תודה Toda = Hebrew for Thank You.

Woke up in a warm bed, with a loving husband, in a climate-controlled house. I have children & pets who think I'm great, most of the time. ;-)

I have a car that runs, food in the fridge, a job, decent health, enough money to pay the bills.

Clean water arrives at the turn of the faucet. My house is as clean as I decide it should be. My life is not in imminent danger by human enemies or natural means.
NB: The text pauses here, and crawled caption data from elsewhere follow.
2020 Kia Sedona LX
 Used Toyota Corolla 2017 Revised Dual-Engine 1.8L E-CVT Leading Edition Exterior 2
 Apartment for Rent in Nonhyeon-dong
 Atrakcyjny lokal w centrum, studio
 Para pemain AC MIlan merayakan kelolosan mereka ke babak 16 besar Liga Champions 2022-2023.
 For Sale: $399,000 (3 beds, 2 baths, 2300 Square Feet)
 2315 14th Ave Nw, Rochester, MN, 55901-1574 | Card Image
I'm humbled by the opportunities I have been given, not shared by the rest of the world.

Toda = Thank you.

I am grateful to God for my many blessings.

For what are you grateful toda-y?

Sep 9, 2010

Would You Reapply For Your Own Job?

Peggy Castellano wrote an article about Freemont HS in South Central L.A. where the "suits" are so desperate for a sound byte that explains the students' low test scores, that they're firing all the teachers and making them reapply for their own job. This will supposedly weed out the ineffective teachers. Oh really?

I tutor math. I can work with a child in junior high for less than an hour to be able to tell you in which grade the ball was dropped. Math troubles start well before high school. Math builds on what you learned the year before. For example, if you failed to learn times tables in 3rd grade, you won't understand division in 4th. If you don't recognize multiplication factors, you won't grasp GCF, Greatest Common Factor, in 5th. If you don't learn multiples (again, the times tables) you won't recognize LCM, Least Common Multiple, in 6th.

If high schoolers are failing math, don't blame the high school teacher. He has to teach the state-mandated curriculum. He does not have the hours in a day to start at times tables, where the ball may have been dropped, and work up to Algebra I. That all should have been done in lower grades. Students in Algebra should be READY for Algebra.

LAUSD is wrong to think that firings will solve the problem. Unless the only problem they're really trying to solve is how to save the suits' jobs.

With whom will you practice times tables today?

Sep 5, 2010

Keeping Secrets

I've told my children from the time they were toddlers/preschoolers, "We don't keep secrets. If anyone ever says 'Don't tell your mom; it's a secret,' the first thing you do is tell Mom, because we don't keep secrets."

We do, however, keep surprises: a birthday surprise, a Christmas surprise, a surprise party.

Kids know what a surprise is. Giving them two different words helps them make the mental distinction on when they should tell, and when they should not.

What safety lessons are you teaching your child today?